Abstract
Meanings
Offering three texts-as-images (to illustrate photogrammar), a sketch is made of analogies between Foucault's pastoral powers and the grammar of the picturesque and the picturable as part of an investigation of the dialexis of Authority and Difference. Picturing, it is argued, works not only in the depicting but in the photogrammar of what and whom is shown how, they thus encourage ways of seeing and saying more general than any one re-presentation. Critique begins with the stress on these selecting and dividing practices but must then move to a study of orthogonality (who is projecting whom) as a particular form of Authority in relation to Difference. Comme toujours, distanciation that makes this feature of cartography clear begins with making strange what is obvious (hence innocence, naivété) and being a little gauche (hence stupidity).
Memories
We forget, or at least I do.

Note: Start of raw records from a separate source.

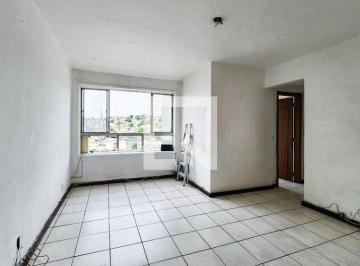 Apartamento · 66m² · 2 Quartos · 1 Vaga · Apartamento À Venda - Estácio , 2 Quartos, 66 m² - Rio de Janeiro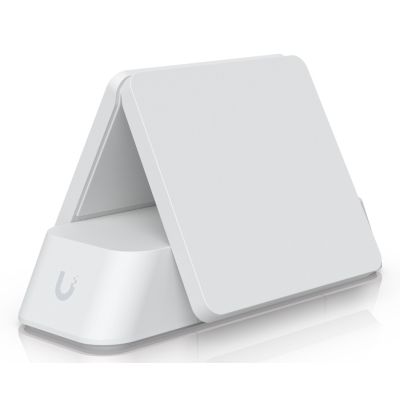 3. Ubiquiti UACC-UTS uchwyt Uchwyt pasywny Router Biały
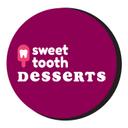 Sweet Tooth Desserts (Steveston)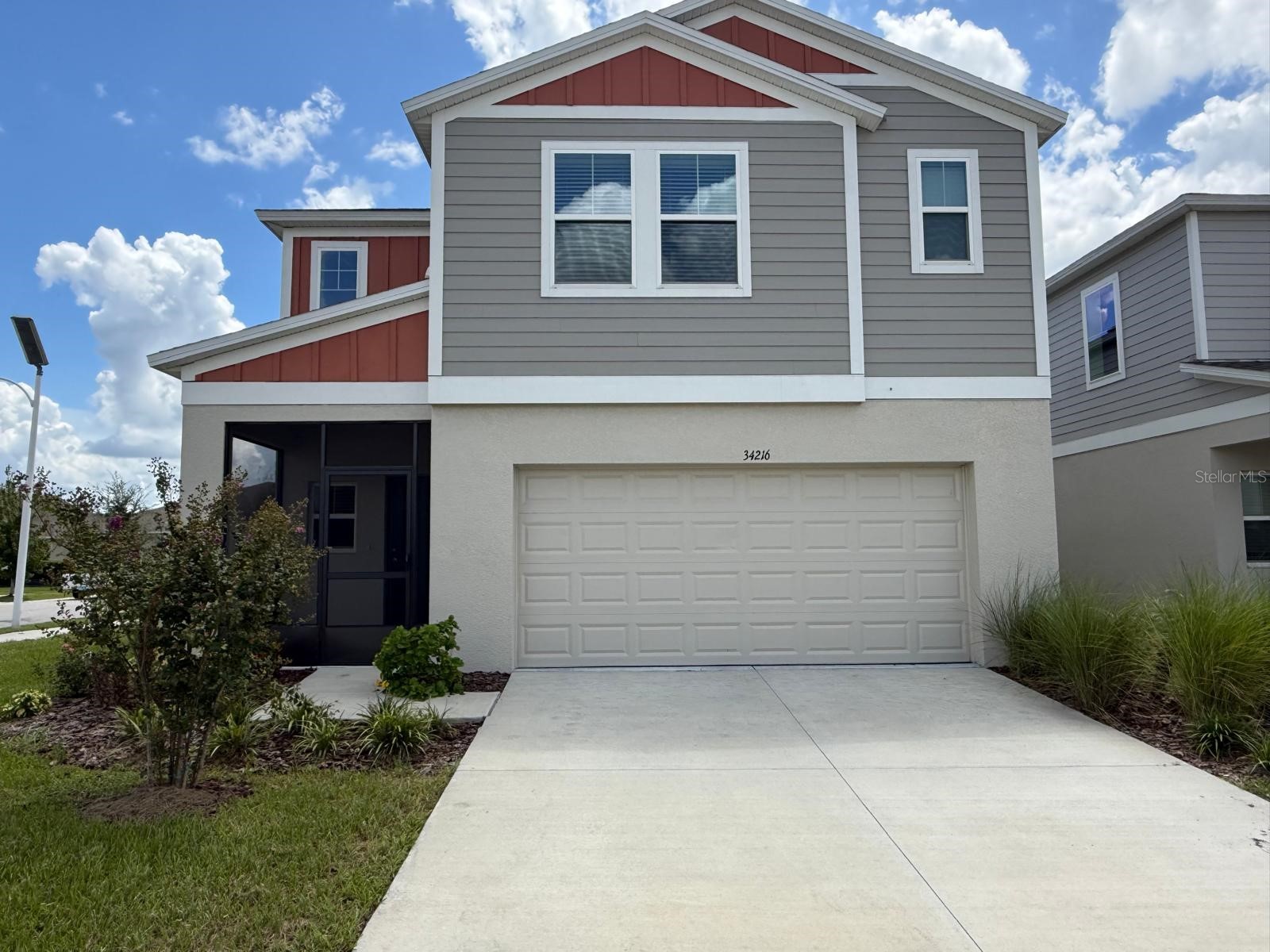34216 SCARLET SAGE COURT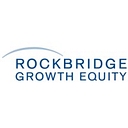 Rockbridge Growth Equity, Llc logo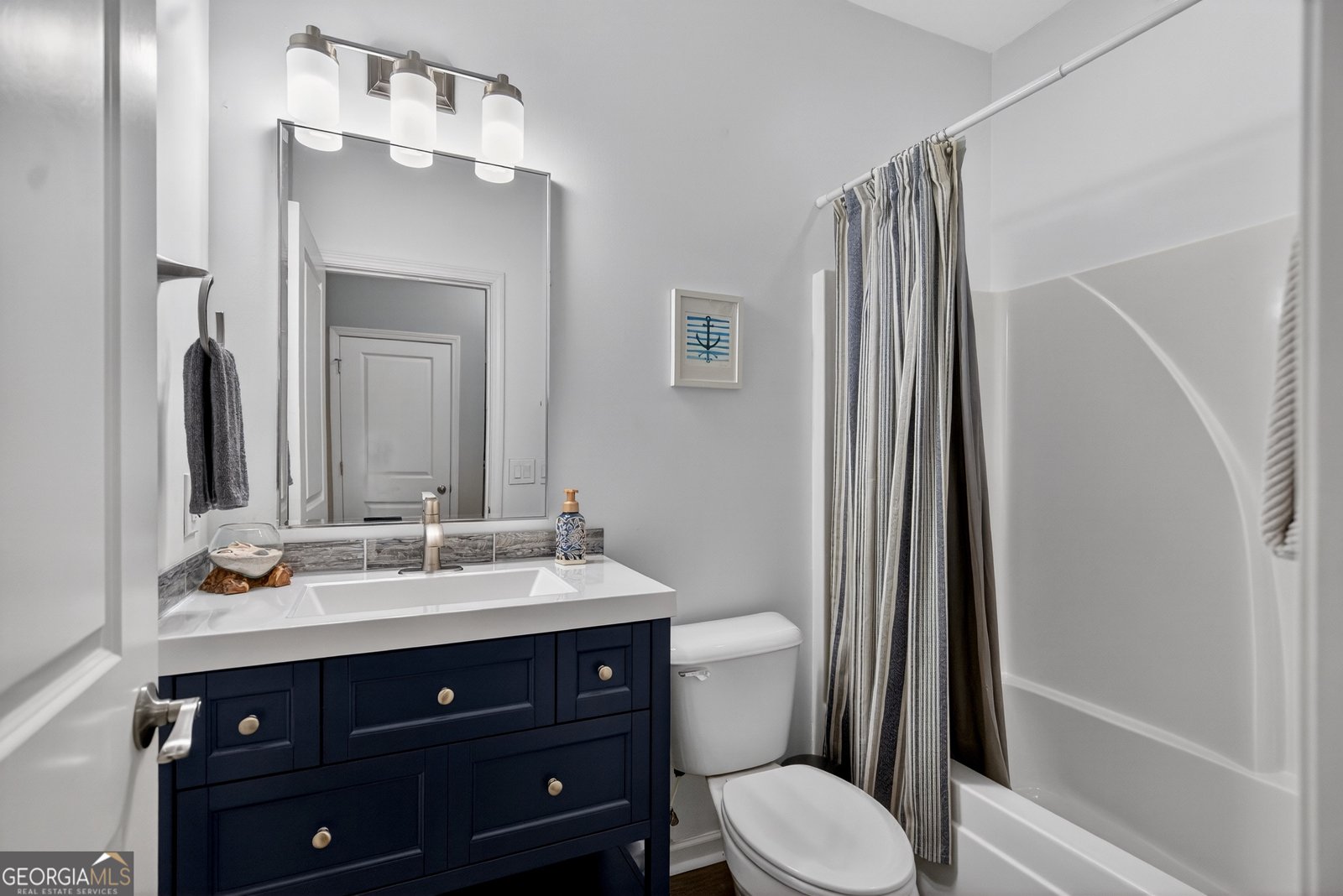 102 Beech Creek Drive Lagrange - Photo 19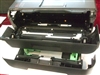 联想LJ2200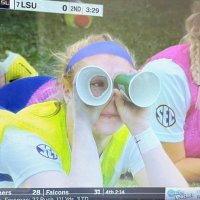 no context college soccer (@nocontextcsoc) 's Twitter Profile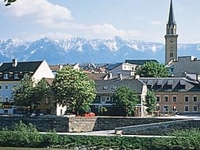 Villach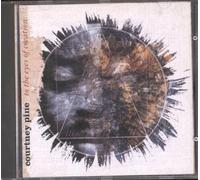 Courtney Pine - To the Eyes of Creation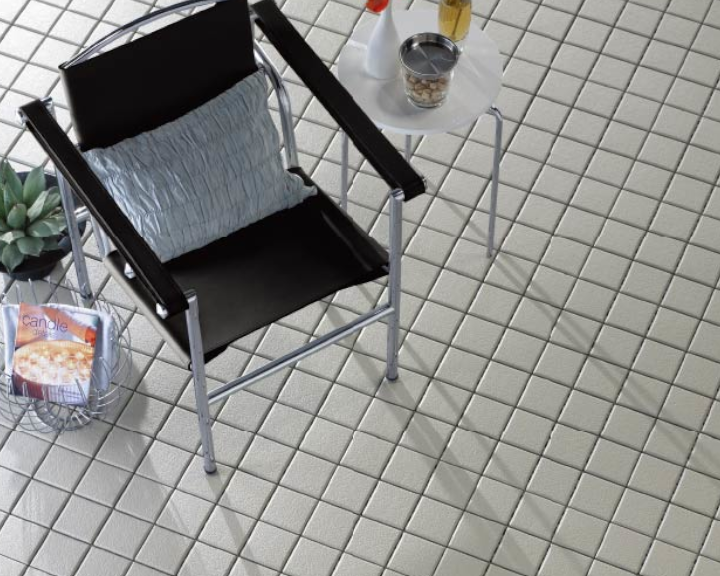 バルコニータイル ｜ 製品カテゴリー ｜ マンションの新築オプション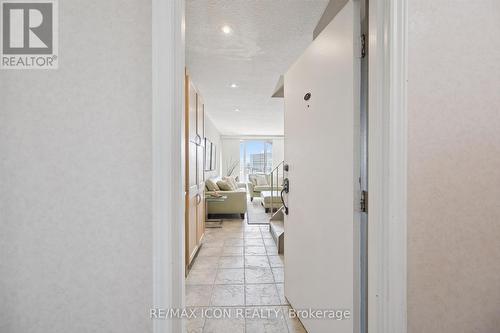 329 - 36 Hayhurst Road, Brantford, ON -  Photo Showing Other Room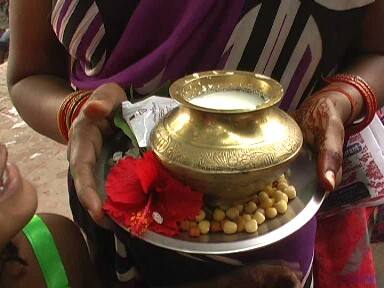 Naag panchami : नागपंचमी पर ब्रह्मवंशज अष्टनागों की पूजा आपको बनाएगी भयमुक्त   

In close analogy with W. B. Yeats' poem for ‘Unknown Instructors’, I acknowledge here the influence of Jean Luc Godard and, in part through him, Ludwig Wittgenstein. Reviewing Godard's work, in a retrospective in Toronto (February-March, 1988) I was struck by the meanings and questions and methods I had taken from his work, especially from Les Carabiniers (1962) in the closing scene where these Rifle-men return with their booty: their postcards acting as the real; equally from the Godard-Gorin Letter to Jane (1972), how the struggle for new questions instead of old answers has to be a difference done differently. But, sentimentally, nothing surpasses (and in this reviewing I wept again) Alphaville (1965) for its insight into Authority as grammar, and as Terror. Thank you.